Approximately one-third of the recurrent HNSCC cases showed a different TP53 status from the initial tumor. Temporal changes in the mutation status differed by primary site. Full-coverage TP53 deep sequencing of recurrent tumors was useful in predicting post-recurrence prognosis.
Approximately one-third of the recurrent HNSCC cases showed a different TP53 status from the initial tumor. Temporal changes in the mutation status differed by primary site. Full-coverage TP53 deep sequencing of recurrent tumors was useful in predicting post-recurrence prognosis.Endothelial cells express surface angiotensin-converting enzyme 2 (ACE2), the main receptor for severe acute respiratory syndrome coronavirus 2 (SARS-CoV-2) that promotes the infection of endothelial cells showing activation and damage. Bronchoalveolar lavage fluid from coronavirus disease-2019 (COVID-19) subjects showed a critical imbalance in the renin-angiotensin-aldosterone system with the upregulated expression of ACE2. https://www.selleckchem.com/products/rgfp966.html Recently, intravenous recombinant ACE2 was reported as an effective therapy in severe COVID-19 by blocking the viral entry to target cells. Here, we present a case of a critically ill COVID-19 patient with acute respiratory distress syndrome where circulating ACE2 was first measured to monitor disease prognosis. ACE2 activity increased about 40-fold over the normal range and showed a distinct time course as compared to 2-3-fold higher levels of endothelium biomarkers. Although the level of soluble E-selectin followed the clinical status of our patient similar to ferritin and IL-6 levels, the dramatic rise in serum ACE2 activity may act as an endogenous nonspecific protective mechanism against SARS-CoV-2 infection that preceded the recovery of our patient.Quantitative estimates of the impact of infectious disease outbreaks are required to develop measured policy responses. In many low- and middle-income countries, inadequate surveillance and incompleteness of death registration are important barriers.
Here, we characterize how large an impact on mortality would have to be for being detectable using the uniquely detailed mortality notification data from the city of Antananarivo, Madagascar, with application to a recent measles outbreak.
The weekly mortality rate of children during the 2018-2019 measles outbreak was 161% above the expected value at its peak, and the signal can be detected earlier in children than in the general population. This approach to detect anomalies from expected baseline mortality allows us to delineate the prevalence of COVID-19 at which excess mortality would be detectable with the existing death notification system in Antananarivo.
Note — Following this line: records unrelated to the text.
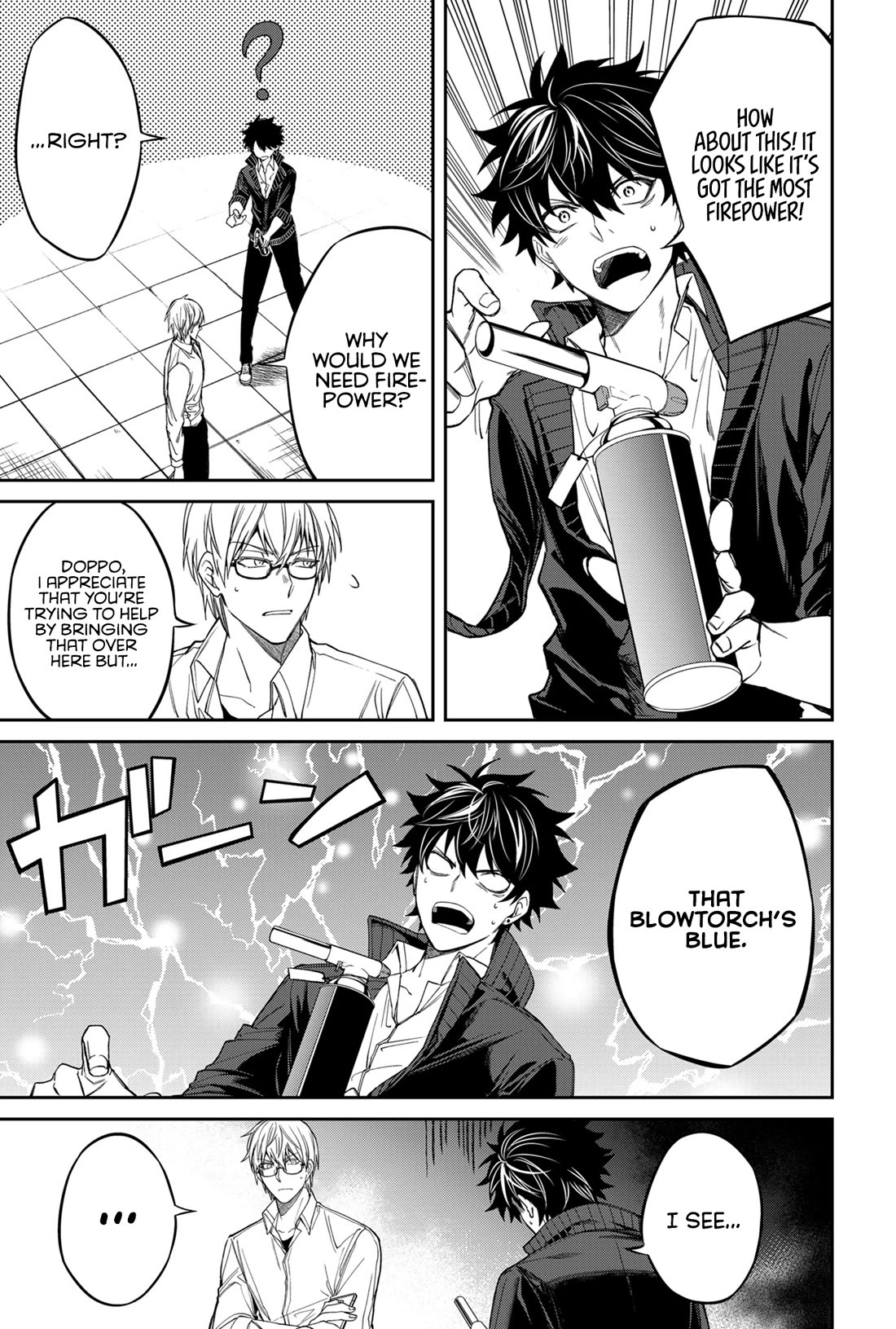 Humanity's Salvation Game Chapter 2 page 14 - Chapter 2: Hope and Despair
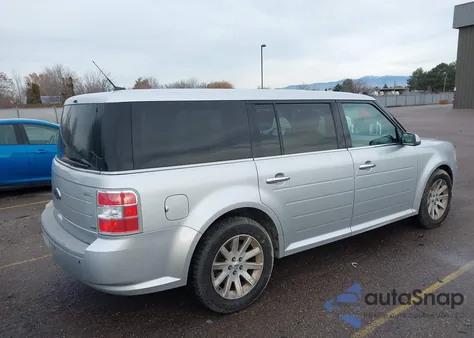 2010 Ford Flex Sel from USA, damaged, VIN 2FMHK6CC0ABD01420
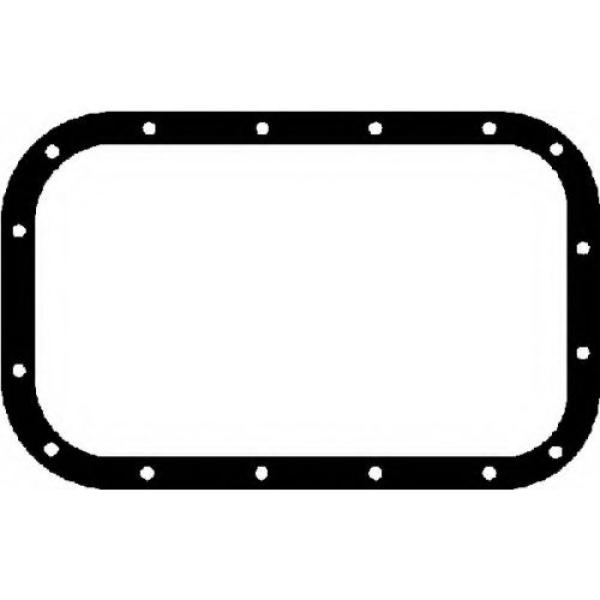 Oil Pan Gasket 1986-1995 Suzuki Samurai w/ 1.3L Engine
Given current age-specific estimates of the COVID-19 fatality ratio and the age structure of the population in Antananarivo, we estimate that as few as 11 deaths per week in the 60-70 years age group (corresponding to an infection rate of approximately 1%) would detectably exceed the baseline. Data from 2020 will undergo necessary processing and quality control in the coming months. Our results provide a baseline for interpreting this information.
Given current age-specific estimates of the COVID-19 fatality ratio and the age structure of the population in Antananarivo, we estimate that as few as 11 deaths per week in the 60-70 years age group (corresponding to an infection rate of approximately 1%) would detectably exceed the baseline. Data from 2020 will undergo necessary processing and quality control in the coming months. Our results provide a baseline for interpreting this information.